On Saturday, it was interesting to see ARCA champion, Frank Kimmel, working his way through the pack and I was glad to see that Speed did not concentrate soley on the big money teams cherrypicking this race. On this topic, I found it annoying that Speed seemed to want a cute nickname for these drivers, with Radebaugh dubbing them the ARCA Agitators. Do the Fox networks ever give us a rest from the hype and cliches? I also noticed that from the beginning of Saturday's race, the broadcast team kept saying the "Winston Cup guys" when referring to Kyle Busch, Casey Mears, and David Reutiman. Excuse me, but while these teams may have Winston Cup resources and equipment, Kyle Busch isn't even a full-time driver in the Busch Series yet and Reutiman has only made a few starts in that series as well. Have the broadcast teams been told that everything must relate to Winston Cup or viewers won't be interested?

Don pointed out that Kyle Busch's pole speed in the Saturday race was faster than Ryan Newman's speed for the Winston Cup race. Now, I found this bit of information relating to WC very interesting. I was happy to see that Dilner and the crew ran down the entire starting grid for the race, including listing the team sponsors and where the drivers were from. Providing this kind of information helps viewers become more familiar with the drivers in the ARCA Series. But somebody forgot to tell them that they are required to say "Ron Cox from Soddy Daisy, Tennessee" every time they mention Ron's name. I always find this amusing and I don't know why. Don told the viewers that 13 cars were going to the back at the start of the race and Speed had a graphic listing them. On the pace laps, I noticed that there was a logo of "SPEED" overlapping another logo for the channel. Did someone think we'd forget what channel we were watching? If anyone forgot, the transition from the volume of the race broadcast to those blaring commercials would leave us with no doubt!

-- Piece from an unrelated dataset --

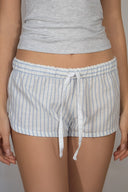 Shorts with drawstring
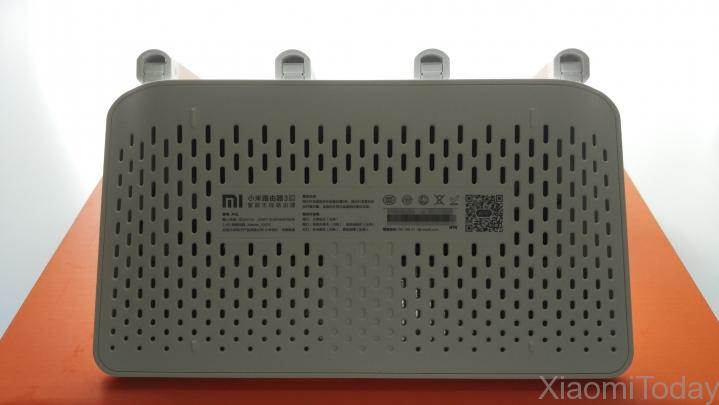 Xiaomi Mi Wi-Fi Router 3C Cooling Vents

At the start of Friday's race, Dilner said "Hold onto your lugnuts" and I found it quite humorous at thge time. Unfortunately, he said it again at the start of Saturday's race and it was clear that someone at the Fox networks thought he was coining his own cutesy phrase with which to start races. Why is it when someone on Fox says something mildly amusing once, they have to go overboard with it afterwards? The commercials in the race on Saturday were absolutely ridiculous! We only got to see 3 laps before the first break. When they returned, they were showing Kimmel on pit road, but didn't even tell us the field was under caution right away. Finally, they showed replays of the 63 car taking a frightening hit into the wall. Speed showed 2 laps of racing after the restart and then went to another commercial. There was a good replay of the contact between Billy Venturi and Joe Cooksey. At lap 29, Schrader pointed out that Busch was 7/10's of a second faster than Mears and was catching him quickly. Unfortunately, the producer cut away from this battle and didn't come back to it until Busch was already passing Mears. This was really poor coverage. Viewers want to see what led up to a pass, especially for the lead. They did show a replay of how Mears got loose and how it allowed Busch to get past him. Don mentioned that Jason Jarrett's crew came over and changed tires for Kimmel's team after Jarrett feel out of the race on Friday. Again, I like this kind of human interest information.

At the end of the race, Schrader told us there were 5 laps to go, then Dilner said 3 to go as they took the green flag for the last restart, yet the ticker showed 4 to go. Get it straight guys! At the end of the race, Radebaugh interviewed the top 4 finishers. Overall, these were just average broadcasts. I understand that the ARCA series is not as widely known as the NASCAR series, but if Speed is going to cover the races, they need to try and do a little better job. Also, Dilner needs to kick it down a notch or two and I think he'd be a fine anchor for the booth.